Tracing Back the Malicious Clients in Poisoning Attacks to Federated Learning
This addresses the challenge of post-attack forensics in federated learning for security applications, though it is incremental as it complements existing defenses.
The authors tackled the problem of identifying malicious clients in federated learning after poisoning attacks, proposing FLForensics, which accurately traces back attackers when training-phase defenses fail, as shown empirically on five benchmark datasets.

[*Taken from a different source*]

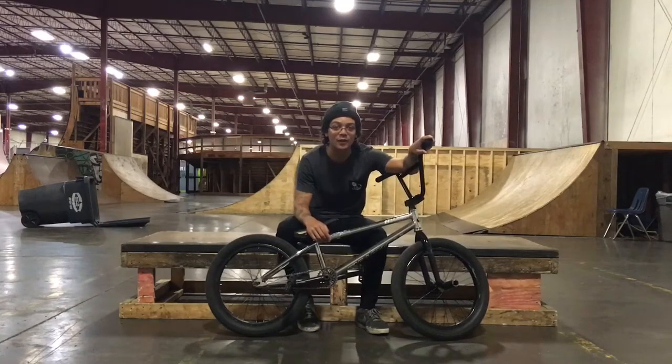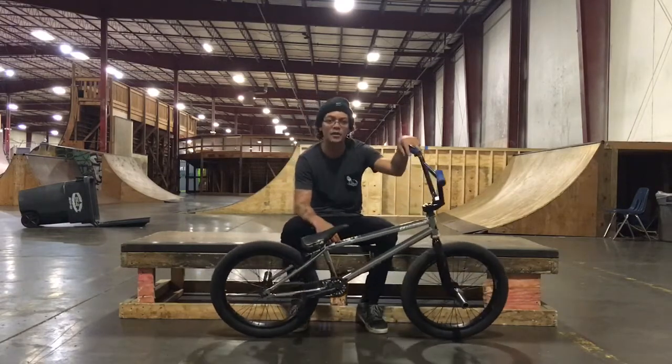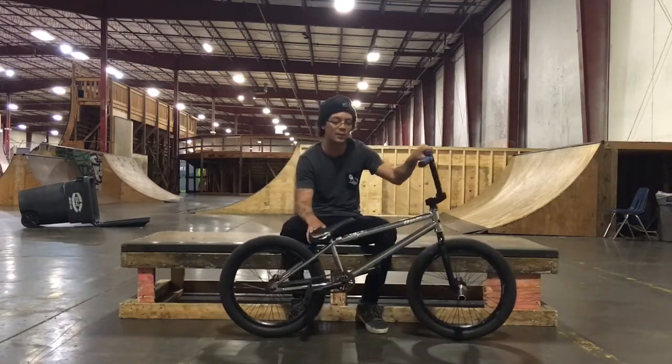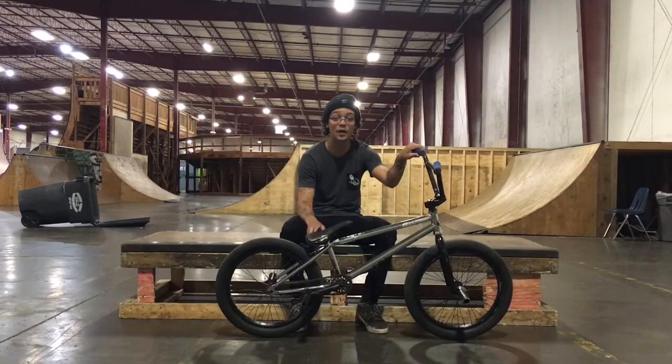This is Trey Turner coming through. I'm going to teach you guys how to do hang nothings today. It's a trick that I've had for like eight or nine years or something like that. So I got them pretty dialed and I want to show you guys how I learned them. So here we go.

Poisoning attacks compromise the training phase of federated learning (FL) such that the learned global model misclassifies attacker-chosen inputs called target inputs. Existing defenses mainly focus on protecting the training phase of FL such that the learnt global model is poison free. However, these defenses often achieve limited effectiveness when the clients' local training data is highly non-iid or the number of malicious clients is large, as confirmed in our experiments. In this work, we propose FLForensics, the first poison-forensics method for FL. FLForensics complements existing training-phase defenses. In particular, when training-phase defenses fail and a poisoned global model is deployed, FLForensics aims to trace back the malicious clients that performed the poisoning attack after a misclassified target input is identified. We theoretically show that FLForensics can accurately distinguish between benign and malicious clients under a formal definition of poisoning attack. Moreover, we empirically show the effectiveness of FLForensics at tracing back both existing and adaptive poisoning attacks on five benchmark datasets.